Em organizações empresariais, igualmente, a tensão é essa: a organização piramidal, inspirada nas forças armadas com seus comandos centralizados, clama por um novo formato, que dá mais autonomia a grupos menores interconectados. É coincidência a atual discussão sobre organogramas horizontais, em squads e cogestão em células? 

Todas as transformações sociais ao longo da história são definidas por palavras-chave. São termos que buscam concretizar em palavras o que sentimos quanto à transformação dos tempos. Estou convencido de que a transformação vivida agora (não só digital, mas socioeconômica) tem a palavra-chave “comunidade”. 
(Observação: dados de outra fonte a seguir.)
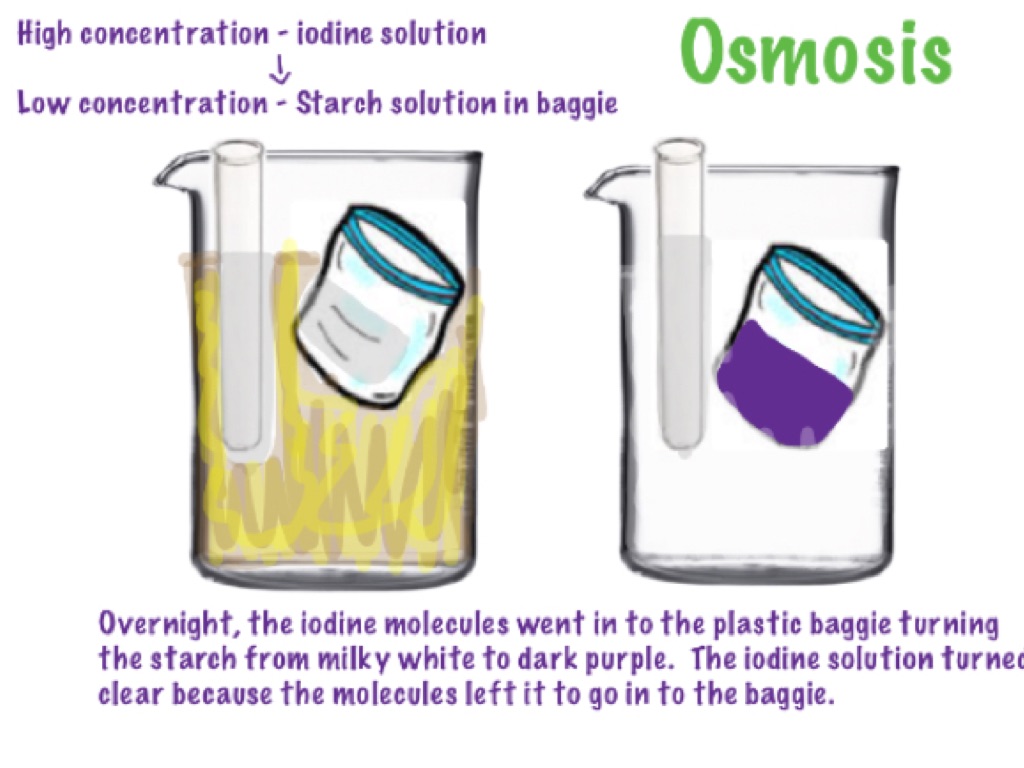 Osmosis by Eliza Kelly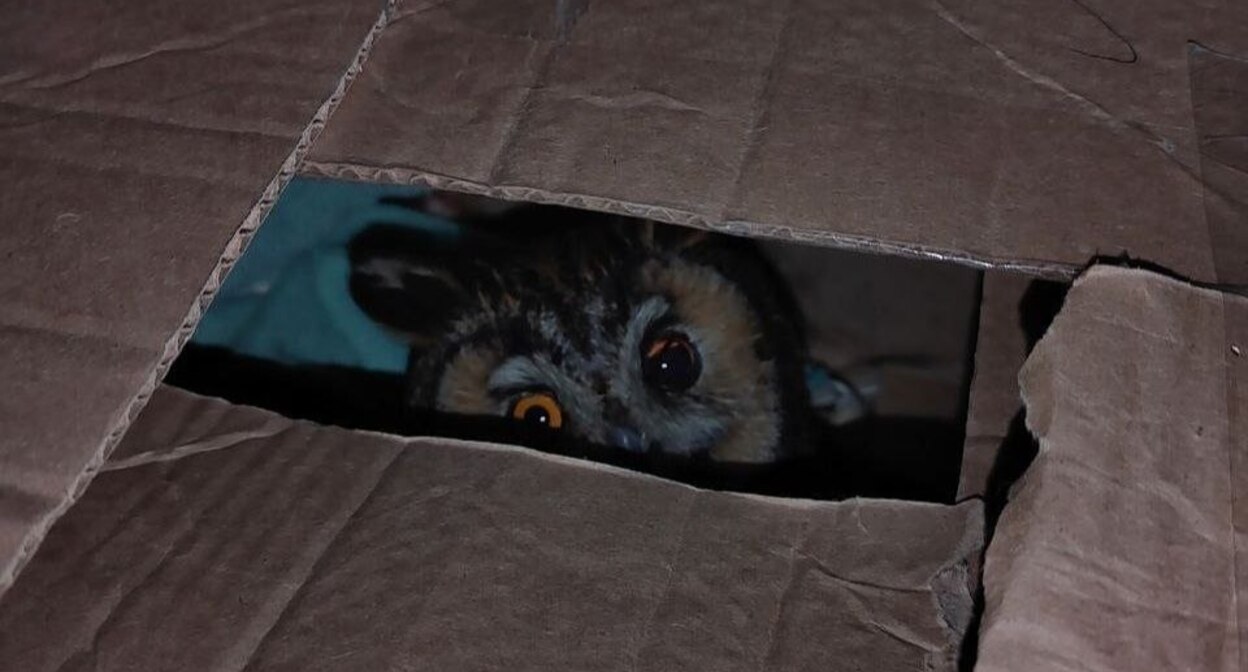 An owl from the shelter in Tuapse. Photo: Chronicles of Razliv / Telegram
Sempre houve comunidade, você dirá, e tem razão. Mas nunca houve uma hiperconectividade social como a que vemos hoje. Blockchain, economia compartilhada ou fake news não surgem só em razão das “comunidades”, diriam alguns. Mas é fato que encontramos comunidade e descentralização de poder (ou, ao menos, poder mudando de mãos) na intersecção de todos esses assuntos. Basta ver o poder que tem quem detém os dados das comunidades – Alphabet e Facebook principalmente.
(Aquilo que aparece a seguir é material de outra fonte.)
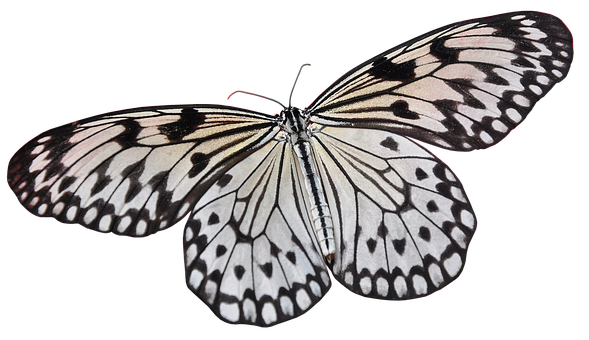 Blackand White Butterflyon Black Background.jpg PNG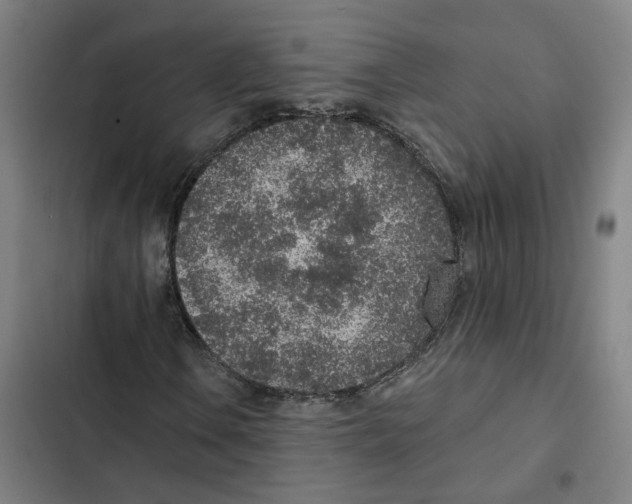 X0000102361106200808291218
A história nos mostra que a ciência e a academia percebem os movimentos com antecedência. Eis que em 2009 a revista Science fez uma edição especial devotada ao estudo de redes, que é a base do comportamento de comunidades. A sociologia há décadas estuda “sociometria”, os “sociogramas” e a ciência de redes (ou SNA, na sigla em inglês). Nos MBAs norte-americanos, escutei que SNA já “figura na ementa”. Surpreendeu-me o fato de eu ter tomado contato com esse assunto somente em 2015. Em anos de carreira com profissionais e clientes brilhantes no Brasil, não me recordo de ter cruzado com nenhum conhecimento profundo, acadêmico e científico sobre “comunidades” e “redes” . 

Depois disso, fui a fundo. Comecei com livros do Albert-László Barabási e um curso fantástico do Matthew O. Jackson, professor de “social and economic networks” de Stanford. E quanto mais lia, mais enxergava a grande transformação – nos dias atuais e no que está por vir. 
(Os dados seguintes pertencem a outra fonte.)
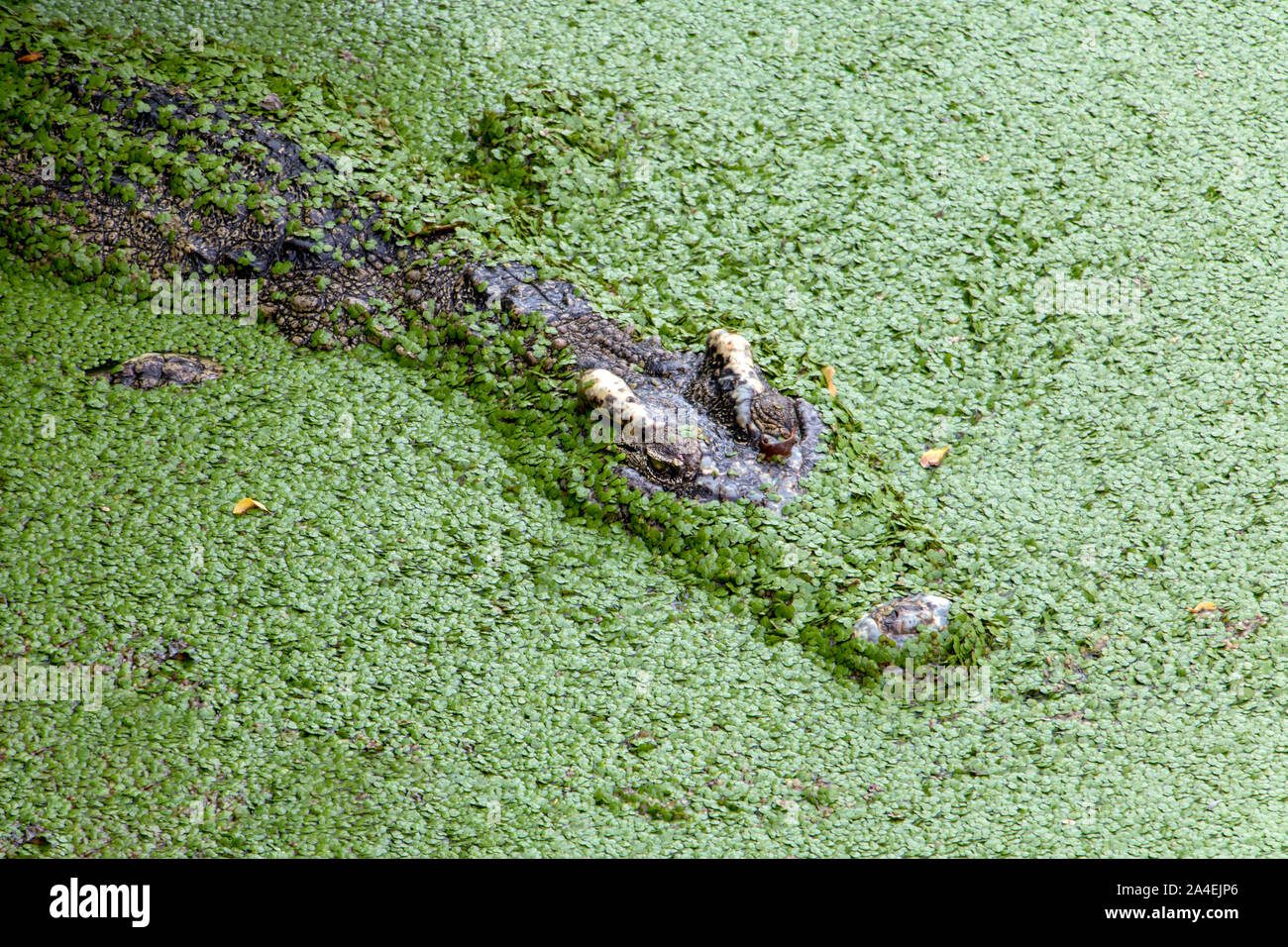 Crocodile effrayant nage dans les marais vert. Crocodile flottant en surface de l'eau couvert de feuilles vertes dans les marais. Banque D'Images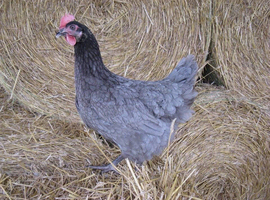 POL Pullets Different Colours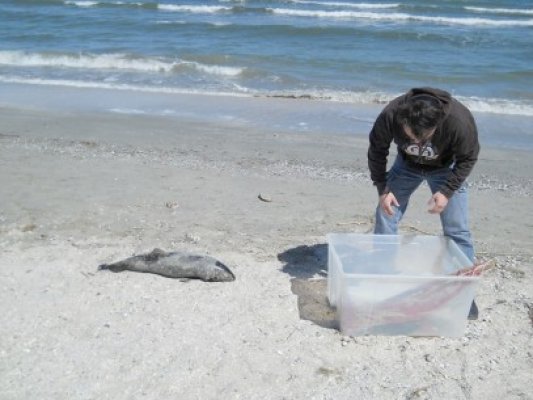 Încă un delfin găsit mort pe plaja din Mamaia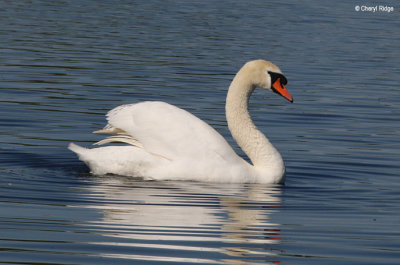 2988-attenborough.jpg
Se o CMO precisa vender, defender a empresa, reter consumidores e não deixar a marca ser esquecida, ele precisa ter a seu lado sua comunidade – cada vez mais. E necessita dos óculos da inteligência artificial para conhecer essa comunidade e gerenciá-la melhor. A IA é, como toda tecnologia, a ferramenta (o meio), não a transformação desejada (o fim). As comunidades são o fim.

**OS ÓCULOS: WAR ROOM**

Se para trabalhar com comunidade é preciso de inteligência artificial, como se faz isso? Vou contar a receita que nós encontramos na Stilingue. Aqui criamos uma plataforma colaborativa cross-departamentos (marketing, customer service, comunicação corporativa e outros), chamada War-Room. 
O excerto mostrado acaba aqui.